Volvo, on the other hand, has a different view. This Swedish automaker, which built a stunning serial hybrid EV called the Volvo Environmental Concept Car, seeks a revision in the California legislative model that would specifically allow electric hybrids under the ZEV category. While this seems to make sense in some ways, it is also highly problematic in others. Some would argue that hybrids could present a regulatory nightmare since it would be difficult, if not impossible, to monitor whether drivers were actually running on straight electric or hybrid power in future urban zero-emission zones.
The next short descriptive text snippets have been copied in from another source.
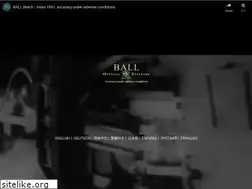 Sites similar to ballwatch.com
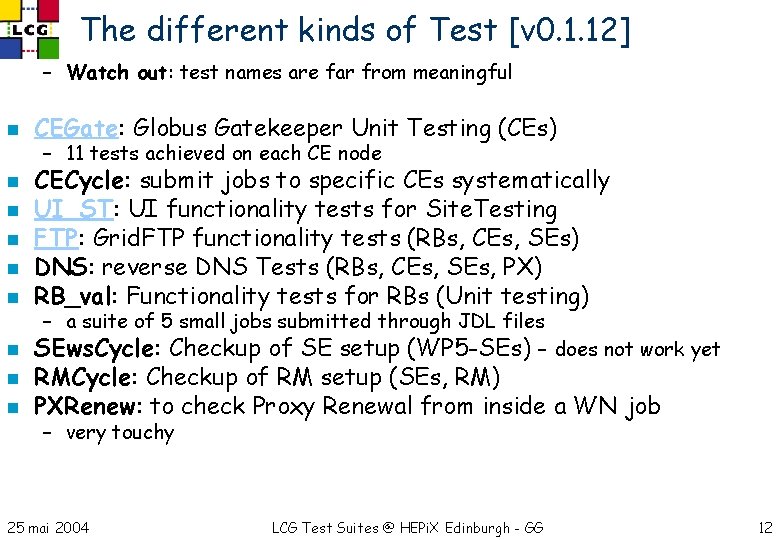 The different kinds of Test [v 0. 1. 12] – Watch out: test names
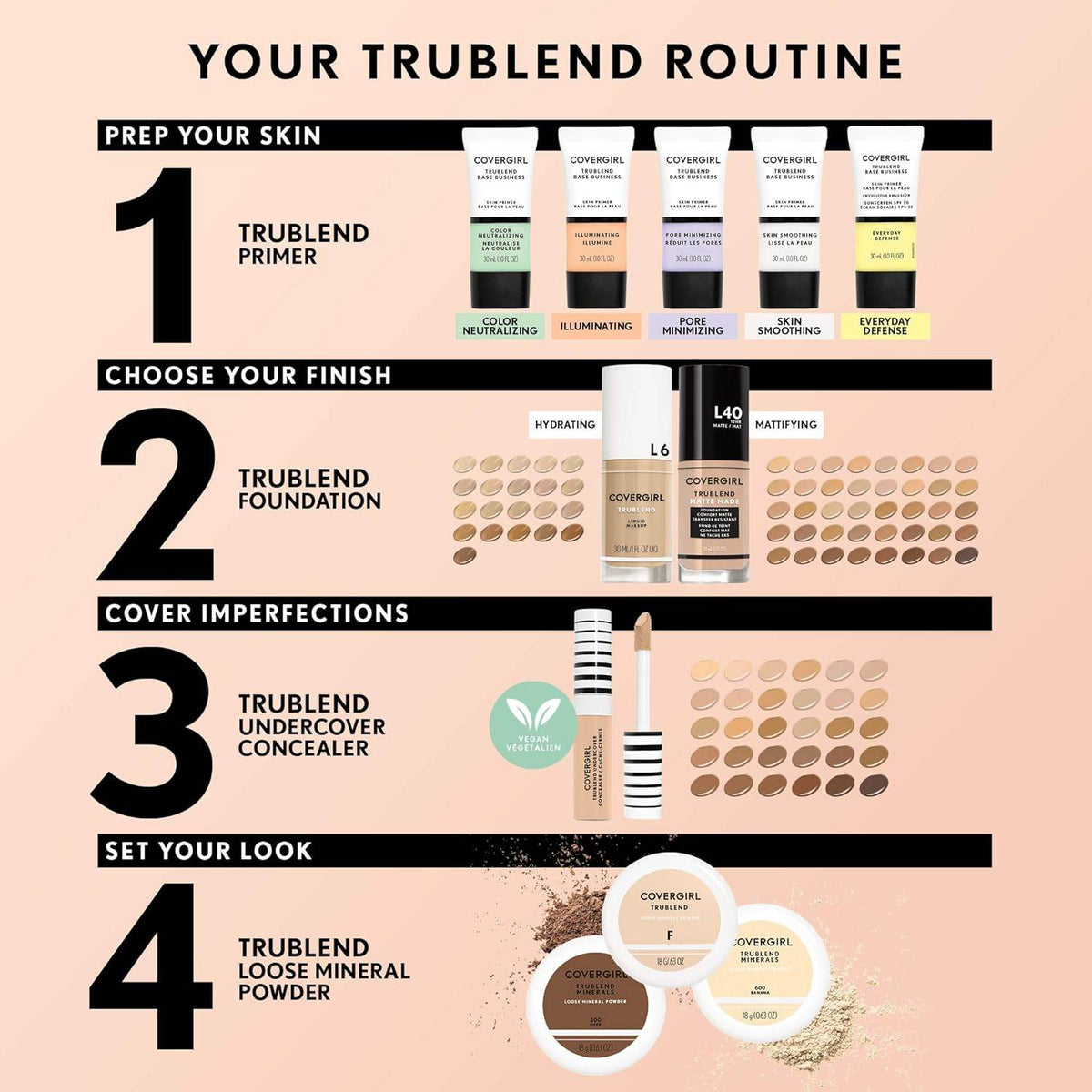 COVERGIRL TruBlend Undercover Concealer, M300 Honey, 0.33 Fl Oz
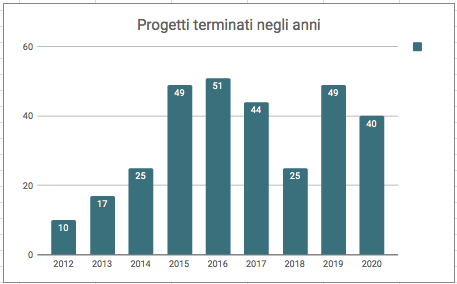 Terminati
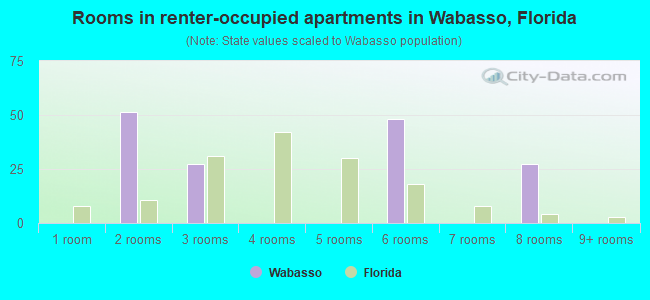Rooms in renter-occupied apartments in Wabasso, Florida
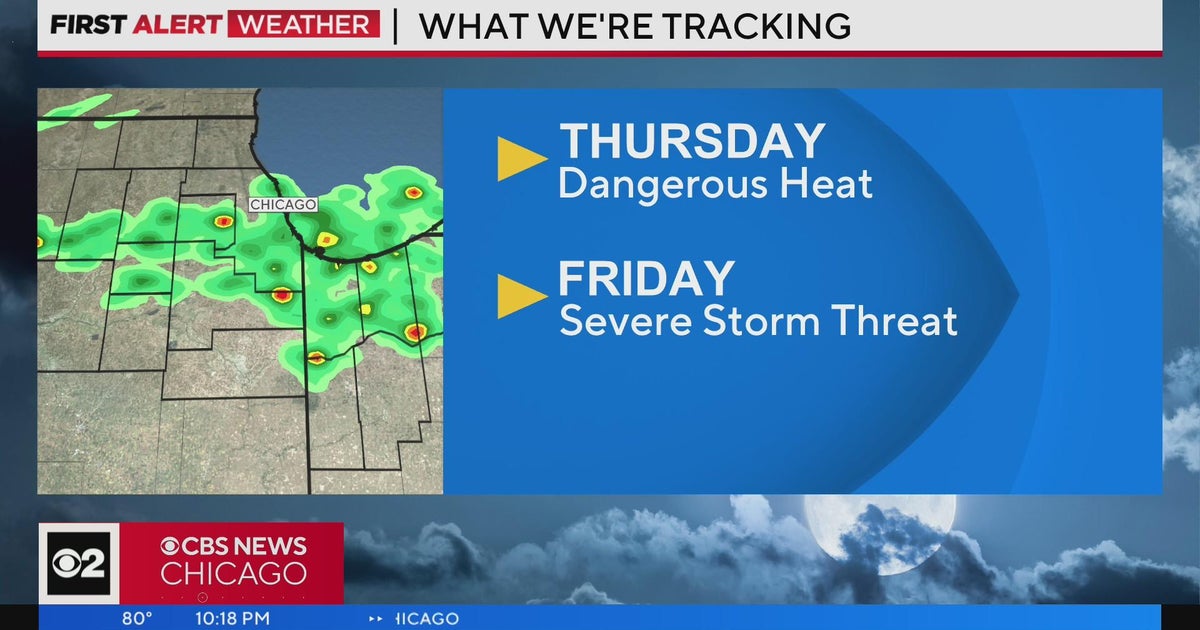 Chicago First Alert Weather: Dangerous heat Thursday - CBS Chicago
Innovative Approach to ZEV Mandate
“Our goal, of course, was to meet the zero emitting vehicle standard that California has set,” says Sylvia Voegele, general manager of Volvo’s Monitoring and Concept Center in Camarillo, Calif. “As we studied what consumers want, wish versus reality…we discovered that there were some fabulous pros for the electric car, but there was also a long list of negatives. Since we had to come up with a family vehicle which seats four people-plus, naturally we had a range problem. So our solution could not be with the given technology of today – the straight electric car – which appears to be the only solution to deliver a zero emission vehicle. So we settled for a hybrid.
“We felt that this hybrid solution gave us the best of both worlds,” continues Voegele. “It could be a zero-emitting vehicle for inner city driving or for shorter trips. Plus it could be, with a far better extender range, the vehicle you could drive to Las Vegas if you wish.” The ECC’s short 55 mile all-electric range is admittedly limiting, but may meet the requirements of those commuting average distances to the workplace. In this configuration the ECC does meet the strict ZEV standard.
Turbine-Hybrid Driving Range
The benefit of Volvo’s hybrid approach is realized whenever lengthier drives are required. Using the ECC’s small gas turbine/generator to power the car’s 76 horsepower (56 kW) electric motor provides a range greater than 400 miles, and at emission levels that meet California’s ultra-low emission vehicle (ULEV) standard. Running on turbine-generated electrical power also provides 0-60 mph acceleration of about 13 seconds, much quicker than the ECC’s 23-second 0-60 mph acceleration times on battery power alone. Again, the slower acceleration would seem to be in a range acceptable within more crowded urban areas, while quicker turbine/generator-inspired sprints seem more in tune with the needs of open-road touring.
“The zero emitting vehicle to us is somewhat artificial because you still have emissions at the powerplants,” says Stephen Wallman, director of Complete Vehicle Product and Process at Volvo Car Corp. “Especially when you introduce global thinking, it doesn’t really matter too much if the powerplant is a little outside Los Angeles or in Los Angeles.”
More Versatile than a Battery EV
Still, why would Volvo pursue development of a proof-of-concept vehicle that may not qualify to fulfill what could be a huge niche market for ZEVs? “One way of looking at it is that it’s driven by customer demand,” says Wallman of the ECC. “It is one way of overcoming the shortfalls of straight electric vehicles. It has the possibility, with a super-clean heat engine and very efficient energy conversion to electric power, to give very low emissions and good fuel economy levels. It still depends on battery technology, but to a much lesser extent. In our view this makes hybrid propulsion the most realistic alternative in the middle range.”
It remains to be seen how well a production vehicle like the Volvo ECC could weather the zero-emission regulatory climate already in place in California, New York, Massachusetts, and coming soon to other states. With many R&D efforts developing serial hybrid EVs, and the U.S. Department of Energy embarking on a funding program for their development, it seems at least plausible that hybrids may have a place in our future. What that place may be, and to what extent they’ll be used in a zero-emission strategy, is an interesting question that’s yet to be answered.